My children love going through a shop and adding up a running total of our purchases. Then they compare their math with the total at the till. They pick out and hand over the payment, as well as mentally calculate how much change they should receive back. Our local shopkeepers have become so used to this that they hold the change back until my children declare how much it should be! The kids then count their change to ensure it’s correct. They’re also learning the “old fashioned” way of “counting back” change so that they can better understand the concept rather than just accepting that what the till says is correct or depending upon others to do all the work.
With the world economy shrinking and purchasing goods from around the world made easier, do some cost-comparisons. Is there a price difference between purchasing a schoolbook or Lego set in Canada, the USA, or further abroad? Take the exchange rate into consideration, as well as the shipping charges. And don’t forget about any taxes and duty you may be charged when it arrives. Where can you get the best deal? Track the exchange rate for a few days or a month, and see what difference that makes to the final price.

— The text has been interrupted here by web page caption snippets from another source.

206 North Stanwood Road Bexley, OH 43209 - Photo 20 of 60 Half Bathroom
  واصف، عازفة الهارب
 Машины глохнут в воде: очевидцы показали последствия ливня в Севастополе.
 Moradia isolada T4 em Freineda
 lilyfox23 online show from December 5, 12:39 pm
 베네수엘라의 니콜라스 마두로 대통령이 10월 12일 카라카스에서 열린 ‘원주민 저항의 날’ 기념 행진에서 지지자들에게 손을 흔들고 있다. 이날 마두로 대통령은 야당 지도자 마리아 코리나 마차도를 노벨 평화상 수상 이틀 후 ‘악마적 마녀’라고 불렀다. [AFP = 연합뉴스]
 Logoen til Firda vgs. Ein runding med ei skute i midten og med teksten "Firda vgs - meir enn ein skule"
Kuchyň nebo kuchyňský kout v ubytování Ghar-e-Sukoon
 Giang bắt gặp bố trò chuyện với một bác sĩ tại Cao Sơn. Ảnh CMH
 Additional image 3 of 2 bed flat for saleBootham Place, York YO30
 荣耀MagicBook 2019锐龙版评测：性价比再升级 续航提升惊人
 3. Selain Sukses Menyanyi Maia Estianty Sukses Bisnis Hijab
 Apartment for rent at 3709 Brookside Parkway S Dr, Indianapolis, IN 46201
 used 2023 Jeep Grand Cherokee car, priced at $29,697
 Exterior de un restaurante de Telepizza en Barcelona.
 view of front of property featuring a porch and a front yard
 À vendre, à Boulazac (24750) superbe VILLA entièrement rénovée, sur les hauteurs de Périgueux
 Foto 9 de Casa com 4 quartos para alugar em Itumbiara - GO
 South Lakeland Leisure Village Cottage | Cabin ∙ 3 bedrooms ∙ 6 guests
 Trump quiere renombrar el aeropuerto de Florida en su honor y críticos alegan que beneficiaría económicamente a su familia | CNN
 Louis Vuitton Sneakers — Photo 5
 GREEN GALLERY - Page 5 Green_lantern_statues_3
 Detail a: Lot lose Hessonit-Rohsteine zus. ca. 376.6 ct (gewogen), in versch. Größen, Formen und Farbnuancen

The next time you’re doing a diy project have your children do the calculations to figure out how much it will cost. How much grass seed will you need to cover your lawn, how many floor tiles, how much paint for the bedroom walls or the fence? This is an excellent way for children to learn why they need to know about perimeters and areas. If you’re brave enough, make your purchase according to their calculations and let them find out what happens. And don’t forget about incidentals like having to match up patterns, miss-cuts, nails, masking tape, drop cloths, paint rollers, etc. All those little things add up quickly and it’s easy to go over-budget.
It’s easy for children to say they want this or this for dinner, but when you have to live within a budget, you have to keep the costs always in mind. Meal planning over the course of a week or month means balancing a big meal or a celebration with a simple night of pasta and homemade sauce. A daily budget must be set and spread out over meals and snacks; it can be very tricky; especially when having well-balanced meals! Having your children help plan the meals and price out the ingredients either in the shop or online is a very good exercise.
If you find that your family puts wasted or unwanted food in the bin, another exercise is to calculate how much that costs the family over a week, a month, or a year. Then figure out what could have been purchased for that price; it can be a real eye-opener and help our children think about food waste.
There you have it; 9 reasons why math is practical and useful in everyday life that students may not think of. Of course, there are many more; when do you find yourself using math in your average day? What wouldn’t you be able to do without a good foundation in math? Share your uses in the comments!